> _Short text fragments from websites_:
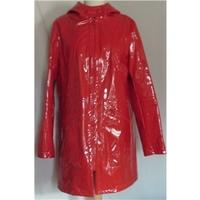 zara women size medium orange waterproof coat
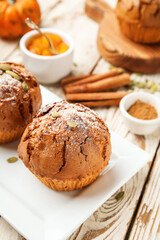 Fototapeta na wymiar Plate with tasty pumpkin muffins on table, closeup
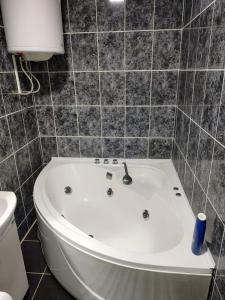 a white bath tub in a bathroom with a toilet at Tiski raj in Bečej +6 photos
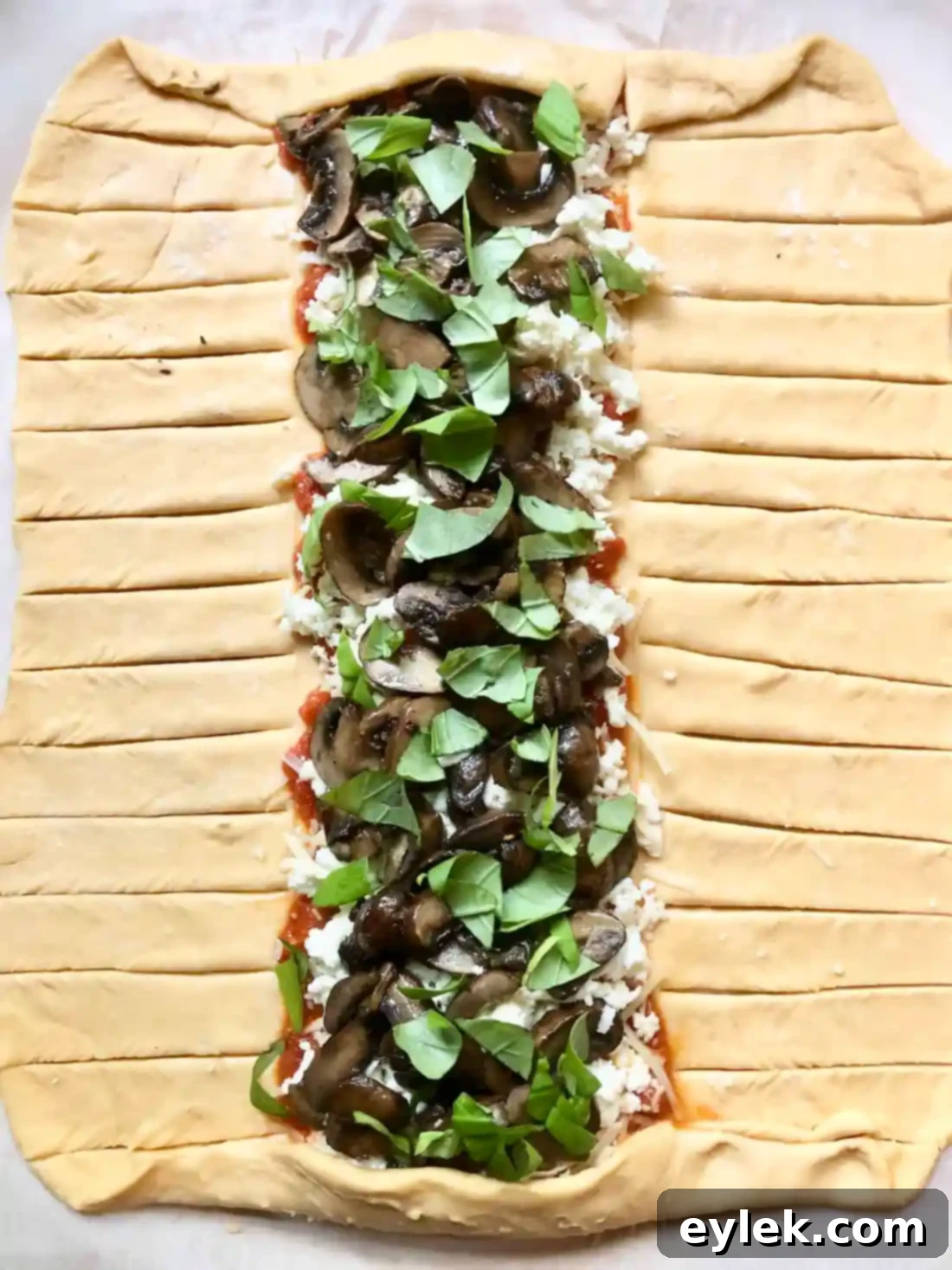 Dough strips cut for braiding the Pizza Braid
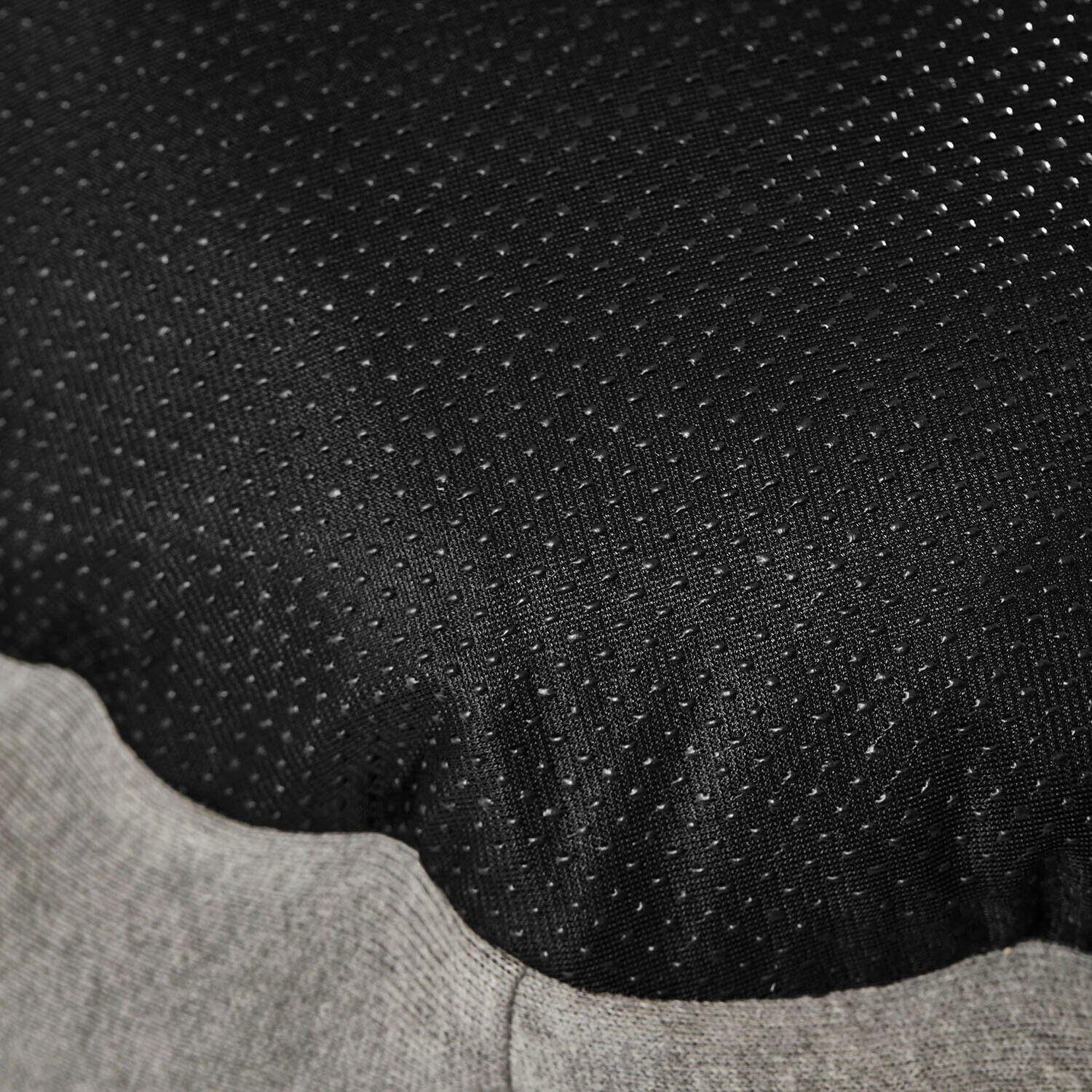 Schwarzer Stoff mit kleinen Noppen und grauem Strickabschluss, textile Struktur sichtbar.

> _Your goal_: Exactly the lines from the line containing "Dough strips cut" to the end of the records need to be copied, both ends included, with pictures left out.

> _Answer_:
 Dough strips cut for braiding the Pizza Braid
 Schwarzer Stoff mit kleinen Noppen und grauem Strickabschluss, textile Struktur sichtbar.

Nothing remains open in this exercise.